Using the awesome power of Matlab, I’ve illustrated this cycle below (the amplitudes don’t reflect those observed in Hudson Strait). When the lunar and solar cycles coincide, you get the hot pink spring tide. When they don’t, you get the cool blue neap tide. And as I said this cycle of spring and neap tides occurs every 14 days, thus the appropriate use of fortnightly. (P.S. fellow Americans, this is the only time you can use fortnight without looking like a pompous twit. This is a personal opinion of course.)
To hunt mussels, the Inuit take advantage of the very, very low water levels during the spring tide. And they can tell when this occurs by just looking at the moon. Spring tides occur when then the sun and moon align, in other words during either a new moon or a full moon! Local knowledge FTW!
Now the spring-neap cycle is not unique to the Hudson Strait area. But what is unique is the second trait that causes the large tides in the Hudson Strait area, tidal resonance. Resonance makes big oscillations at certain frequencies. Resonance is what makes musical instruments play individual notes. Resonance is what shook the Tacoma-Narrows bridge into oblivion. Resonance is what makes subwoofers rattle your windows while you drive through the wilds of Alaska listening to Justin Bieber. Only me? Well OK then. Resonance is also what makes the tides in Kangiqsujuaq so large. The resonant period in nearby Ungava Bay is 12.7 hours, which is very close to the semidiurnal period. Therefore, semidiurnal tides near Kangiqsujuaq are like a perfectly tuned subwoofer, jiggling the ocean and causing tides large enough for the people of Kangiqsujuaq to head under grounded ice to hunt mussels.
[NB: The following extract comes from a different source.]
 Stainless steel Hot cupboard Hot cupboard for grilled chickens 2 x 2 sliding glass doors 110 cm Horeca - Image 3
Lastly, the narrator claims that this is the only place on earth where the tides are large enough for the under-ice mussel harvest to happen. This is just not true. Kangiqsujuaq does have rather large tides, but so does the rest of Hudson Strait. In fact, Ungava Bay just to the southeast may have some of the largest tides in the world and it has sea ice too**. But as far as I know, those native communities do not harvest mussels under sea ice. This might be due to differences in the tidal environmental, sea ice characteristics, food availability or even cultural differences, but I really don’t know. But no matter what, under-ice hunting is an incredible way to get a mid-winter shellfish treat.
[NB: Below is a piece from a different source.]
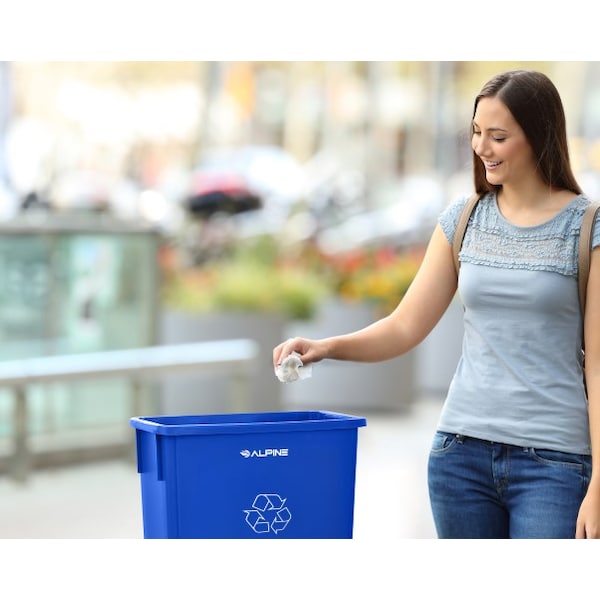 Alpine Industries 23 Gallon Blue Slim Recycle Bin - ALP477-R-BLU 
** Both the Bay of Fundy and Ungava Bay claim to have the largest tides in some sort of oceanographic pissing contest. The truth is their maximum observed tidal ranges are statistically indistinguishable and we won’t find out which is larger until 2014 when the extreme highest tides occur. I am waiting. Anxiously.
Arbic, B. K., P. St-Laurent, G. Sutherland, and C. Garrett (2007), On the resonance and influence of the tides in Ungava Bay and Hudson Strait, Geophys. Res. Lett., 34, L17606, doi:10.1029/2007GL030845.